Vacationing After Abuse

Today I spent much of the day outside, just sitting and soaking in goodness and beauty.   However – it did not happen without a fight.

Vacationing was always a dreaded occurrence.  In childhood and in marriage.  As a kid, “the pressure” of moving faster, never savoring or enjoying a moment, left one feeling anxious rather than relaxed,  while the bickering parents, heard from the backseat twisted my stomach in knots.  I learned very early to dissociate from reality with music and headphones on my old cd Walkman (remember those?).  I would literally leave my reality as I turned up the volume.

In marriage it was worse.  The snide remarks, the arguments when we arrived at the destination.  The expectation of having sex as soon as we stepped into the hotel room.  And when I wouldn’t “put out” (because I felt unheard, beat down and emotionally annihilated) I would be punished verbally with silent treatments, disrespect and bullying.  The worst scenario ending with me being choked on a bed covered in rose petals.   Pretty ironic huh?  Nothing says I love you, like being choked on rose petals, does it?

It was like traveling with a bear – if you made a request or wanted to do any form of ‘sightseeing’, he would take his metaphorical paw and shred your flesh across your face. 

Vacations for me meant anxiety, loneliness, punishment, cruelty, and sexual abuse.  These so called “vacations” were isolating and emotionally dangerous.  They heightened the abuse.  The weeks leading up to my Christmas and Summer Vacations were filled with worry and anxiety.  My body knew what was coming.  While my fellow teachers were so excited to have a break from school – I was dreading the extra time at home.  Work for me, was a place of safety.

This was my life for 11 years in marriage – 22 years in family of origin.

My body knew to expect a fight and it is very hard to enjoy a vacation when your limbic system is on full alert, in a state of hypervigilance.

Fast forward to 2020. My first solo vacation!  Purpose:  to get away and enjoy nature.

No work, technology or studying. 

I booked a cabin in Chetek, WI in the middle of nowhere and I am all alone.  I packed my little suitcase and a cooler in my Prius and hit the road.  I rode in silence and enjoyed the countryside scenery.

Hold up.  What was my body feeling?  What was my body expecting?  I feel nothing.  Numb – not excited, no elation nor happiness as I drive away from the city.   I feel dread.  In fact, I haven’t felt anything about my vacation for the past week!

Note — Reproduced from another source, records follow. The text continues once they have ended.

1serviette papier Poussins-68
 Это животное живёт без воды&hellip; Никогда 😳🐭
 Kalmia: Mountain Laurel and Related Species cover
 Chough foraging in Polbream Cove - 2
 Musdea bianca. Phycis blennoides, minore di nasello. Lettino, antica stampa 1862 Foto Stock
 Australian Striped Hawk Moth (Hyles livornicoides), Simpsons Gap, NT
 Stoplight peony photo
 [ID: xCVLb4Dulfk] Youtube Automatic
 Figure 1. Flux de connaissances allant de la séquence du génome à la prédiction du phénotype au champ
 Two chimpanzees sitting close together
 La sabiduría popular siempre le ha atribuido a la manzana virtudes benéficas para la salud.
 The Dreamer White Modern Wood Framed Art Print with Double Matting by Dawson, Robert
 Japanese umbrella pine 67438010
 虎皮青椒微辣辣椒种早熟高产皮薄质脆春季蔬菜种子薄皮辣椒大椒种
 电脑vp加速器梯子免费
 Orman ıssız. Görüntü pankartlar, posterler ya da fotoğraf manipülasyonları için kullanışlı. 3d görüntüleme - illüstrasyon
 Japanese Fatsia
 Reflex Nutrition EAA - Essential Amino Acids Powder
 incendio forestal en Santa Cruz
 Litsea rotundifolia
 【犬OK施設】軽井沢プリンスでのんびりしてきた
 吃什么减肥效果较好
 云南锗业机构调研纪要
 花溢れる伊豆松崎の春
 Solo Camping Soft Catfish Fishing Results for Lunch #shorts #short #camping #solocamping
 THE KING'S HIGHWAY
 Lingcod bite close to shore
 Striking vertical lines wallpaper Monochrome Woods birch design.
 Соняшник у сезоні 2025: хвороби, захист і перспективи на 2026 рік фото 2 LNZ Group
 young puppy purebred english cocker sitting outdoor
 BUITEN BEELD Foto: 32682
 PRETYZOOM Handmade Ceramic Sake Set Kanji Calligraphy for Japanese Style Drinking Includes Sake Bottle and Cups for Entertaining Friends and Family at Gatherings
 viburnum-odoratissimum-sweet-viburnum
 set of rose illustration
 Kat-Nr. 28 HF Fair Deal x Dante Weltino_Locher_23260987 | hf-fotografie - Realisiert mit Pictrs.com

Is my body preparing for a fight -for everything to go wrong?  For the resort to forget my reservation?  No- they remembered, and my cabin is a dream come true.  Well, what then?

I wrestle with the warring thoughts in my brain – my body is tense, and I feel it in my jaw.  I’m not really present in the moment – in this beautiful lakeside cabin.  I’m back home, worrying about all the things I need to do.  I’m back in 2016 when I sat in the woods while my dad deer hunted.  His rifle on his lap.  I tried so hard to do things that he liked – JUST so he would see me and spend time with me. I am not a hunter – I love animals.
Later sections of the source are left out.